Business Law II Final Exam

Spring, 2010 at Medgar Evers College

Bisk problems based on West’s Business Law Business Structure Material

1. In a general partnership, which of the following acts must be approved by all the partners?

a. Dissolution of the partnership

b. Admission of a partner

c. Authorization of a partnership capital expenditure

d. Conveyance of real property owned by the partnership

2. Which of the following statements is correct regarding the division of profits in a general partnership when the written partnership agreement only provides that losses be divided equally among the partners? Profits are to be divided:

a. Based on the partners’ ratio of contribution to the partnership

b. Based on the partners’ participation in day to day management

c. Equally among the partners

d. Proportionately among the partners

3. Price owns 2,000 shares of Universal Corp’s $10 cumulative preferred stock. During its first year of operations, cash dividends of $5 per share were declared on the preferred stock but were never paid. In the second year, dividends on the preferred stock were neither declared nor paid. If Universal is dissolved, which of the following statements is correct?

a. Universal will be liable to Price as an unsecured creditor for $10,000.

b. Universal will be liable to Price as a secured creditor for $20,000.

c. Price will have priority over the claims of Universal’s bond owners.

d. Price will have priority over the claims of Universal’s unsecured judgment creditors.

4. Under the Revised Model Business Corporation Act, which of the following statements is correct regarding corporate officers of a public corporation?

a. An officer may not simultaneously serve as a director.

b. A corporation may be authorized to indemnify its officers for liability incurred in a suit by stockholders.

c. Stockholders always have the right to elect a corporation’s officers.

d. An officer of a corporation is required to own at least one share of the corporation’s stock.

5. Which of the following statements is a general requirement for the merger of two corporations?

a. The merger plan must be approved unanimously by the stockholders of both corporations.

b. The merger plan must be approved unanimously by the boards of both corporations.

c. The absorbed corporation must amend its articles of incorporation.

d. The stockholders of both corporations must be given due notice of a special meeting, including a copy or summary of the merger plan.

6. Food Corp. owned a restaurant called The Ambers. The corporation president, T.J. Jones, hired a contractor to make repairs at the restaurant, signing the contract, “T.J. Jones for The Ambers.” Two invoices for restaurant repairs were paid by Food Corp. with corporate checks. Upon presenting the final invoice, the contractor was told that it would not be paid. The contractor sued Food Corp. Which of the following statements is correct regarding the liability of Food Corp.?

a. It is not liable because Jones is liable.

b. It is not liable because the corporation was an undisclosed principal.

c. It is liable because Jones is not liable.

d.

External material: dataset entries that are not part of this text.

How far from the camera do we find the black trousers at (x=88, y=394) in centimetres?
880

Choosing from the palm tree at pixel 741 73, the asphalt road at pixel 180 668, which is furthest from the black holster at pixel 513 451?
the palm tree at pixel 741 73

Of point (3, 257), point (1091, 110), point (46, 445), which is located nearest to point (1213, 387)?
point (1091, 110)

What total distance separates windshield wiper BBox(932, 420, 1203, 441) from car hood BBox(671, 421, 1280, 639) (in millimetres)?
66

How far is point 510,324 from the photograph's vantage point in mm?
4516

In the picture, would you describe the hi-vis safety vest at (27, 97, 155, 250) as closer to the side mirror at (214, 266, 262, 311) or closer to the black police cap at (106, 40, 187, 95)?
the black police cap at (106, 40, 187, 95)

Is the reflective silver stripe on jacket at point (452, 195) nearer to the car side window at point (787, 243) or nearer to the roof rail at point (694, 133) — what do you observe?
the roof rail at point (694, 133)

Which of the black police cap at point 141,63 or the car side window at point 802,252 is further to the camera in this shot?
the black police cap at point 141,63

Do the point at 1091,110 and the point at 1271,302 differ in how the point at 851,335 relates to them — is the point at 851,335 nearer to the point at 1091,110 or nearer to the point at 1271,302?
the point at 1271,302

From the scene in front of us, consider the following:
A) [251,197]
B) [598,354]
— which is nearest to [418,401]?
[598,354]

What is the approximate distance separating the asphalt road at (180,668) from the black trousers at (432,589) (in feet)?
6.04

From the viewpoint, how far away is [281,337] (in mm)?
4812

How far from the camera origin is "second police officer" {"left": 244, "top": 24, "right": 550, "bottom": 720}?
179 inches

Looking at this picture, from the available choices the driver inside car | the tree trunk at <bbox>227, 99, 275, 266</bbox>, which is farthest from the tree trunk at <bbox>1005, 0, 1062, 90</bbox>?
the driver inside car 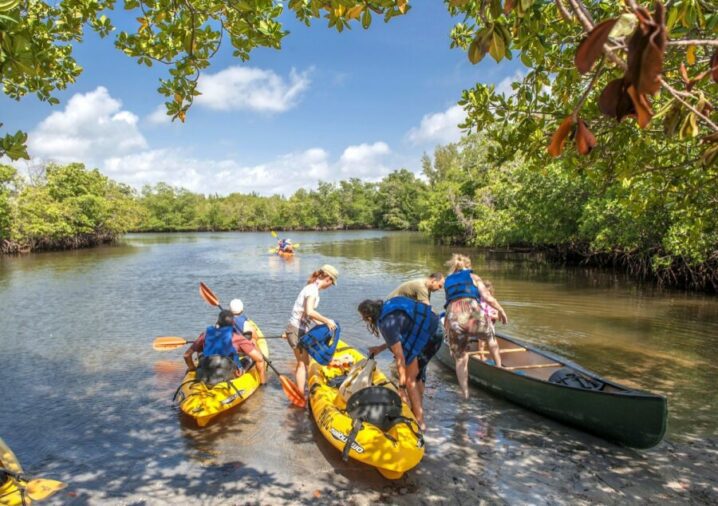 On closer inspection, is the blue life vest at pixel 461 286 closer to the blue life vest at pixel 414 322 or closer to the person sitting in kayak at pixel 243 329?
the blue life vest at pixel 414 322

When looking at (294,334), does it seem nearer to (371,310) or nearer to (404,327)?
(371,310)

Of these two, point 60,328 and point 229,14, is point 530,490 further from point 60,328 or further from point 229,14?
point 60,328

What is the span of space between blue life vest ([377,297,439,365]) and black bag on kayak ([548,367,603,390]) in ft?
7.57

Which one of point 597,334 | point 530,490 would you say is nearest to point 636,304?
point 597,334

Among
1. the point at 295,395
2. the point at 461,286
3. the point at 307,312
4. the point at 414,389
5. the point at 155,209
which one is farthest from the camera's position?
the point at 155,209

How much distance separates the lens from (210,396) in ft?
21.9

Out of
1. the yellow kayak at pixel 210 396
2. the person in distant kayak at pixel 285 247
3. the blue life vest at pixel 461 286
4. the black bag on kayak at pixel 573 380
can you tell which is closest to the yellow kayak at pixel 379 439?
the yellow kayak at pixel 210 396

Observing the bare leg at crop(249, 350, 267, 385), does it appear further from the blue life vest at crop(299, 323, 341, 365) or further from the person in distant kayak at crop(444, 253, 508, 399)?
the person in distant kayak at crop(444, 253, 508, 399)

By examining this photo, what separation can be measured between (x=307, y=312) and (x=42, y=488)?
11.9 ft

It is liable because Jones had authority to make the contract.

Questions 7 and 8 –

The following are pairs of moot court cases and concepts from this semester. Pick at least two of the following pairs and a) identify the facts of the case; b) identify the term and how the term made a difference in the case; and c) identify how you would have resolved each case.

Case / Concept
National Franchise Association v. Burger King, Inc. / Section 2 of the Sherman Antitrust Act
Merck v. Reynolds / Section 10(b) of the Securities Exchange Act of 1934
City of Ontario v. Quon / Privacy under the Fourth Amendment Search and Seizures Clause
Omega v. Costco / The First Sale Doctrine of the U.S. Copyright Act

Answer the following two questions by applying Business Law II concepts and using the CIRAC format – [Conclusion; Issue; Rule; Application; Conclusion]:

9. In the early 1980s, D’Amato, acting as agent for the young Mike Tyson, agreed with Rooney that Rooney would be Tyson’s trainer “for as long as [Tyson fights] professionally.” The parties also agreed that Rooney would receive 10 percent of Tyson’s boxing earnings. In 1986, Tyson orally reaffirmed the agreement, stating that Rooney “will be Mike Tyson’s trainer as long as Mike Tyson is a professional fighter.” In 1988, apparently in connection with Rooney’s alleged comments about Tyson’s divorce and other business litigation, Tyson formally terminated his boxer-trainer relationship with Rooney. In 1989, Rooney sued Tyson for breach of contract in federal district court. Should the doctrine of employment-at-will apply to this oral contract “for as long as the boxer fights professionally?” (Business Law: The Ethical, Global, and E-Commerce Environment, 14th Ed., Mallor, Barnes, Bowers, and Langvardt, p. 1342)

10. Discuss fully whether either of the following actions would constitute a violation of Title VII of the 1964 Civil Rights Act, as amended: a) Tennington, Inc. is a consulting firm and has ten employees. These employees travel on consulting jobs in seven states. Tennington has an employment record of hiring only white males.

b) Novo Films is making a movie about Sweden and needs to employ approximately one hundred extras for this picture. Novo advertises in all major newspapers in New York for the hiring of these extras. The ad states that only Caucasians need apply. (based on West’s Business Law, 11th ed.)